Ali-Salaam is a central figure in the battle over the mosque because of his long association with the project and his trip to the Middle East with members of the Islamic Society leadership in 2000, during which, according to an Islamic Society publication, he helped raise funds for the project.

He also has been subpoenaed to give a deposition on Feb. 7 in a suit brought against the mosque deal by Boston resident James C. Policastro, who asserts that the arrangement between the BRA and the society violates the constitutional separation of church and state...

The whole story.

6 Comments

...IF Americans can determine what sort of Islamic mosques -- peaceful or jihadi -- are going to be built around this country. Do we have a right to question and ask, or demand, that new religious institutions fit squarely into the American melting pot and do not threaten the long term survival of the very liberal democratic institutions that allow them here in the first place...?"

?!?!? If you're asking my opinion:

1) Should the government be handing out sweetheart deals to any religious group? Absolutely not.

2) Should religious groups that dabble in extremism be suing people for pointing it out? Absolutely not.

3) Should the government be deciding what otherwise law-abiding religious institutions fit "fit squarely into the American melting pot"? Absolutely not, it's outrageous to suggest that it could or should and it detracts from the perfectly reasonable points 1 and 2 to mix them up in such a notion.

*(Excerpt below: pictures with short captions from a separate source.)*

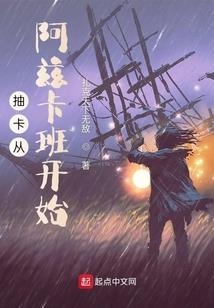 上古一剑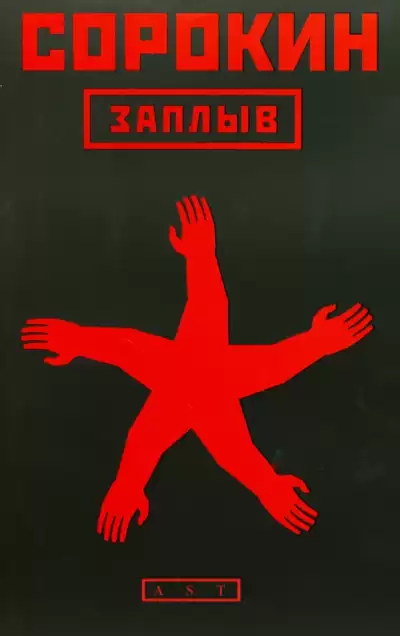 Сорокин Владимир – Заплыв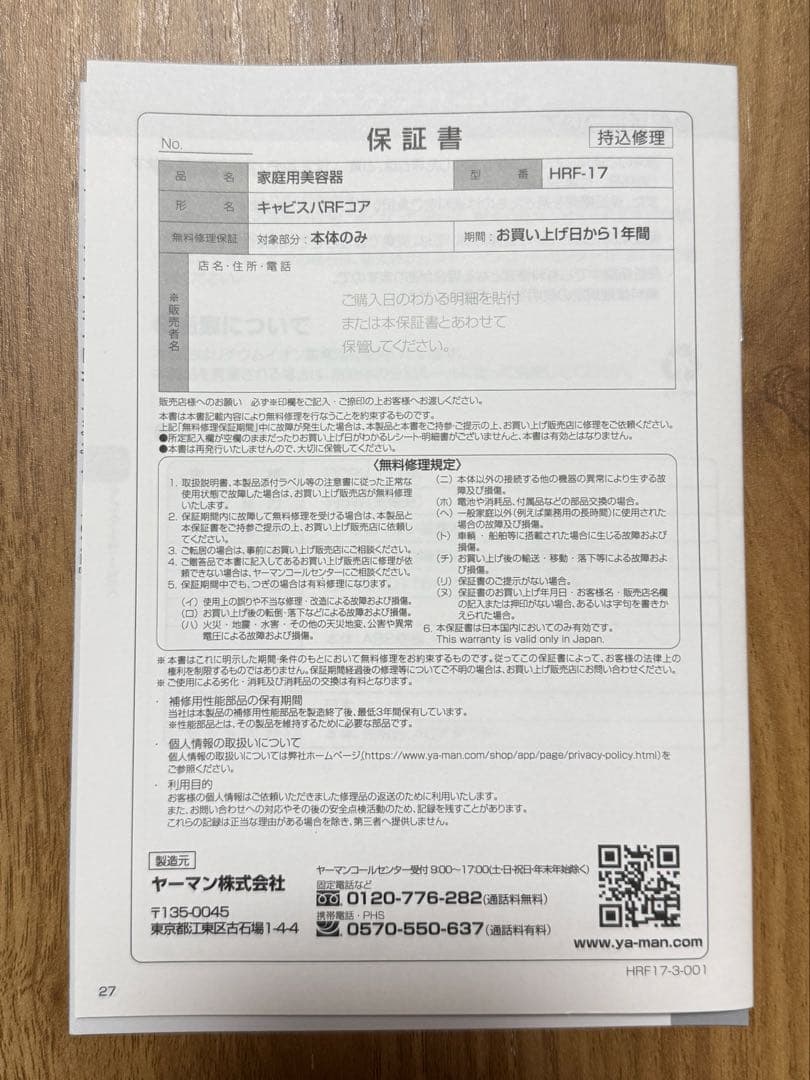 RFボーテ キャビスパRFコア YA-MAN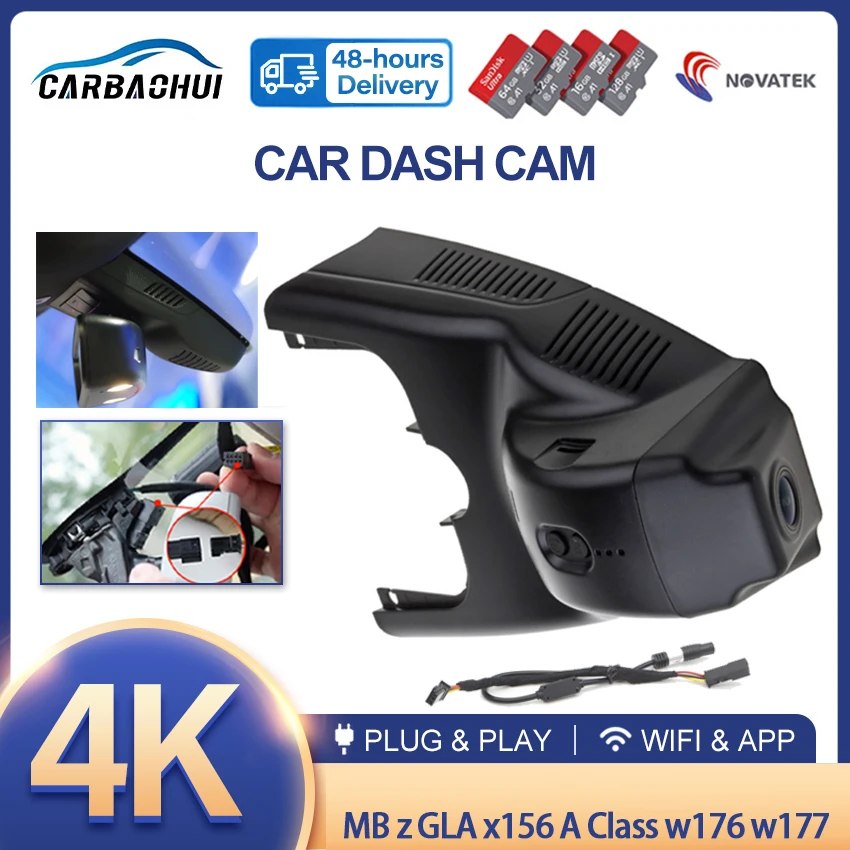 FULL 4K HD 2160P Plug and play Car Camera dash cam camera For Mercedes-Benz CLA CLA200 w117 x156 A Class w176 w177 A200 A250
FULL 4K HD 2160P Plug and play Car Camera dash cam camera For Mercedes-Benz CLA CLA200 w117 x156 A Class w176 w177 A200 A250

"Do we" is a question of either government or people or both together. Don't be so literal. Of course there isn't going to be a central planning board of multiculturalism or some such nonsense, but the government is going to have its part to play or the "questions" will either carry no weight or we'll never be able to know enough to ask them in the first place.

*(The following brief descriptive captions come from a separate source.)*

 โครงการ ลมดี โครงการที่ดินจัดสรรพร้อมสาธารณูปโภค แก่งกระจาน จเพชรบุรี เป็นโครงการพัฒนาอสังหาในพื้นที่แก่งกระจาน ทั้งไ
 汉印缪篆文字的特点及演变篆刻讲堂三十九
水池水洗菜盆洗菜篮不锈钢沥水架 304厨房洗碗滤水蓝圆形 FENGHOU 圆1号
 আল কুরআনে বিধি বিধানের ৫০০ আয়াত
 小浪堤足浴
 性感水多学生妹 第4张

The government should certainly give higher ongoing scrutiny to new or existing mosques, and not pretend they're just the same as Catholic Churches, for instance [edit: not to mention tougher immigration rules for people coming from the places that spew the types of conspiracy theories and hatred we regular view on sites like this]. We need to be able to use government to obtain information, issue (and respond to! as in this news article) subpoenas, keep files on and consider regulations concerning the use of foreign cash and connections...that kind of thing. Some things require the involvement of the government, unless you want to release the villagers with the pitchforks to take justice into their own hands -- something no one wants.

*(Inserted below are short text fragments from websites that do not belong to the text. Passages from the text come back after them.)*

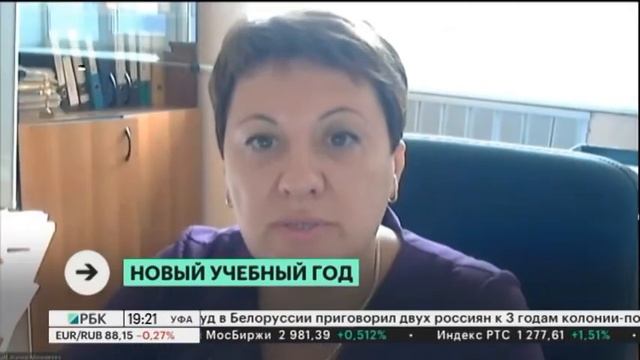 Ракурс. Новый учебный год смотреть онлайн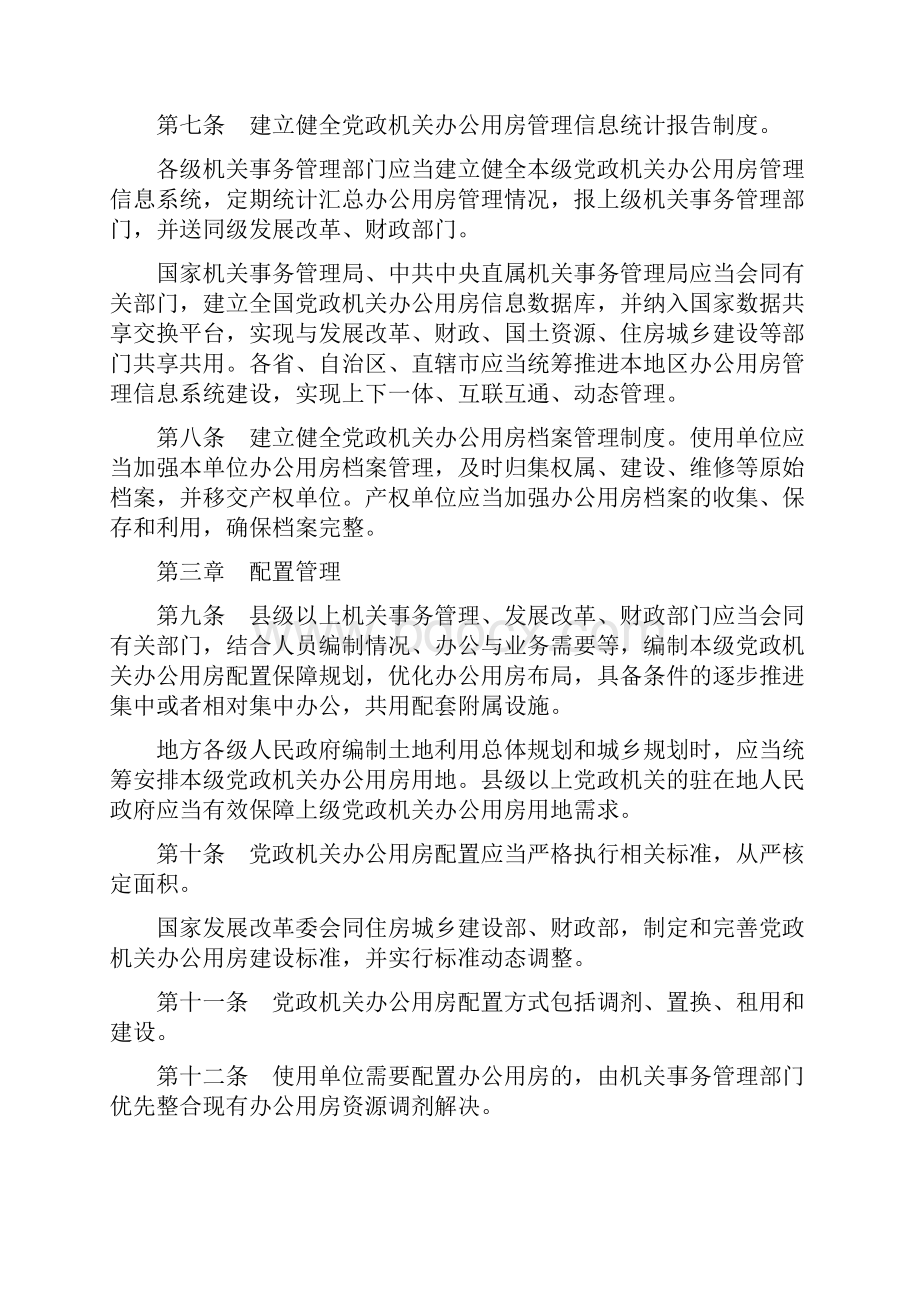 党政机关办公用房管理办法.docx_第3页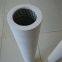 Natural gas filter pchg-36 large supply and production, quality and cheap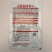 无筋豆泰国豆种子抗热品种早熟品种架豆种子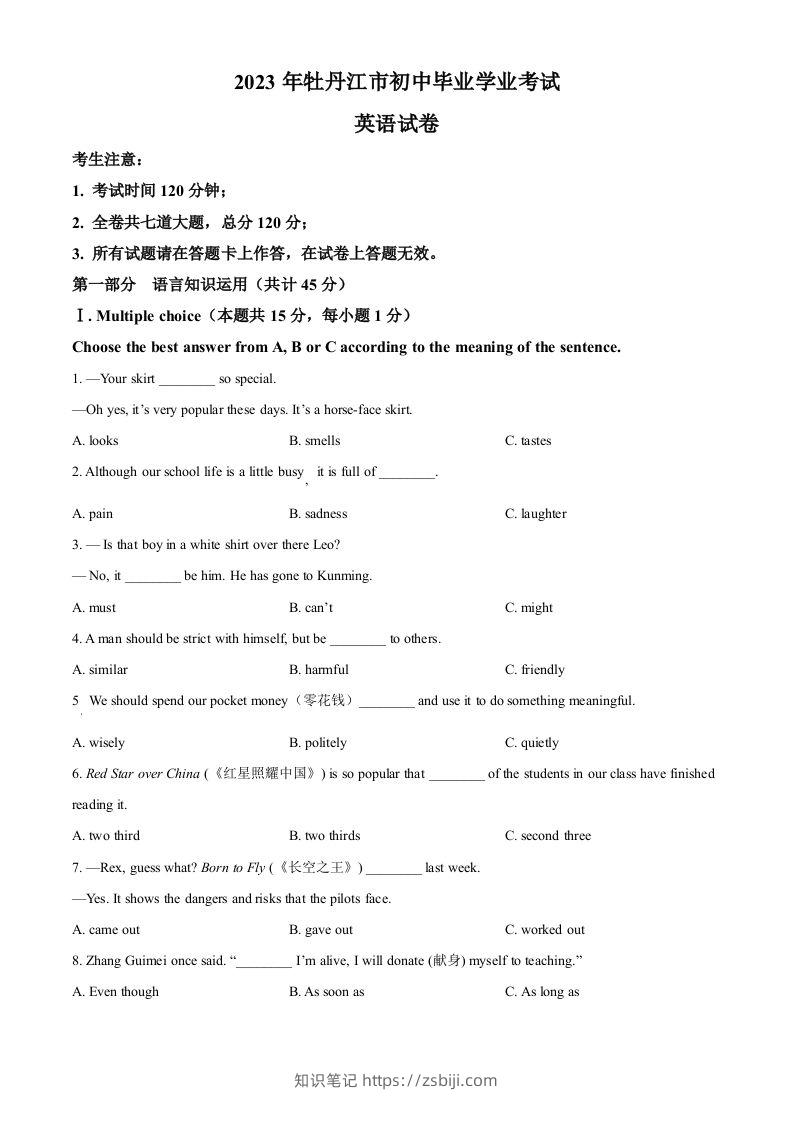 2023年黑龙江省牡丹江市中考英语真题（空白卷）-知识笔记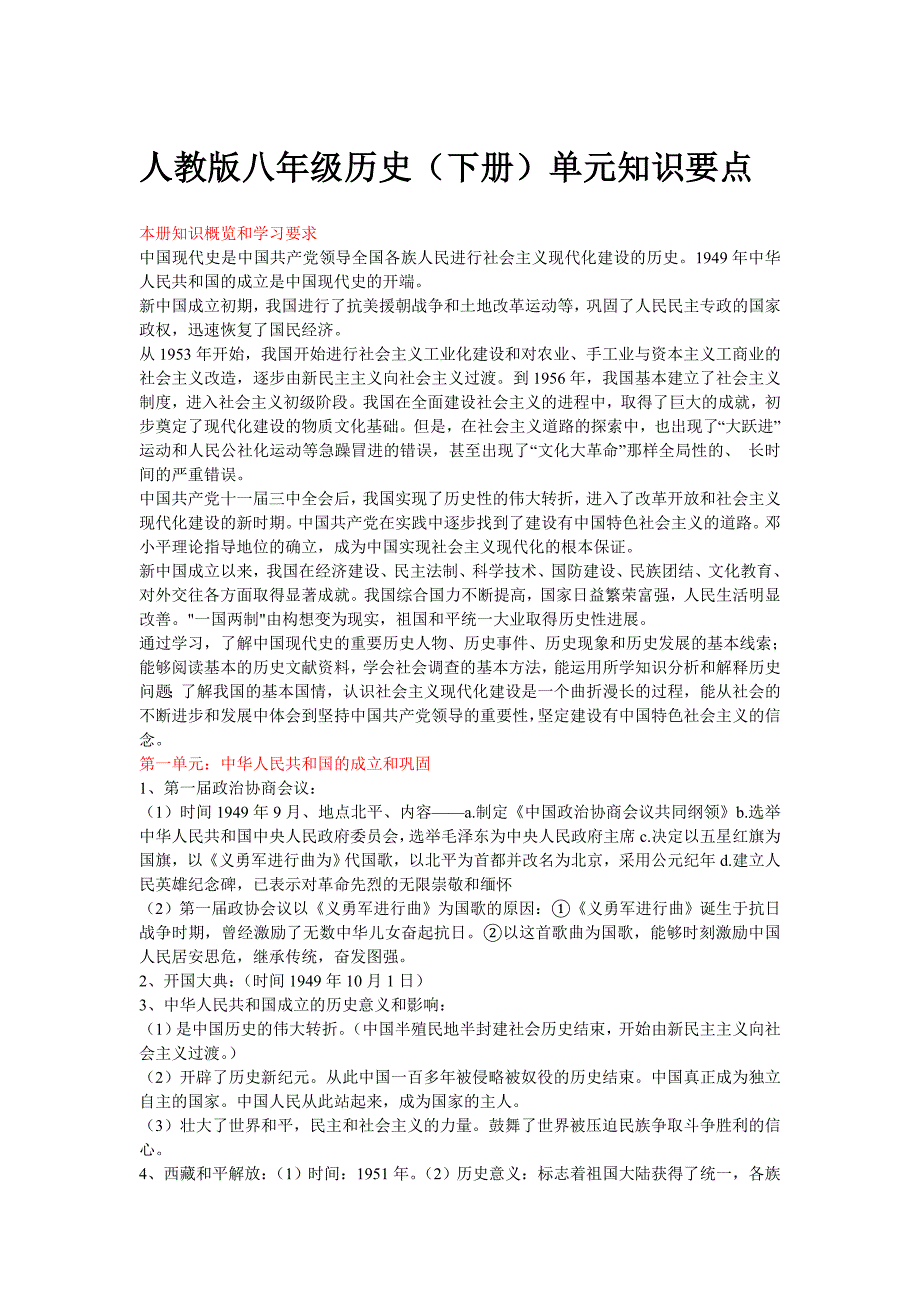 人教版八年级历史(下册)单元知识要点.doc_第1页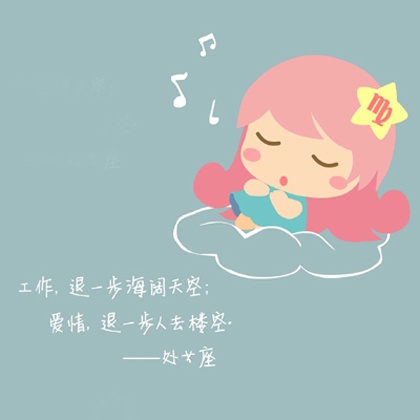 重磅公开，2021处女座九月运势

If I was a ratepayer in Boston I would be looking to have the BRA held accountable for their actions. Who are they to be denying citizen access to review business dealings with the municipality?

I do not at all like the idea of the government making decisions on who does and who doesn't get to build a place of worship. This would rewind our society all the way back to before 1791, when the First Amendment was ratified.

Government neutrality towards religion is an important reason why Jews have thrived in the US. We should not even consider throwing away such an important bedrock concept.

Of course there isn't going to be a central planning board of multiculturalism or some such nonsense...

OK, that's why I expressed surprise! I know you're a reasonable person and your original post read (to me) more like something out of the nether regions of LGF.

That said, I still agree with Ron. Is the government going to be taking the same approach to vehemently anti-abortion churches? To the stuff at the Young Israel of Brookline that would be considered far-right if they were in Israel? Where do you think that's going to end?

Looking for an exit strategy already? We have no where to go. ;) Nothing is on the level of threat right now, or in the foreseeable future, that the threat of radical Islam is at, all the more so because once it does become established, we will, for reasons foreshadowed in your and Ron's objections, have even fewer options to fight it. It will be too late.

I would expect an extreme anti-abortion church group to get extra scrutiny by the government. It would be irresponsible of them not to due to a past propensity for violence.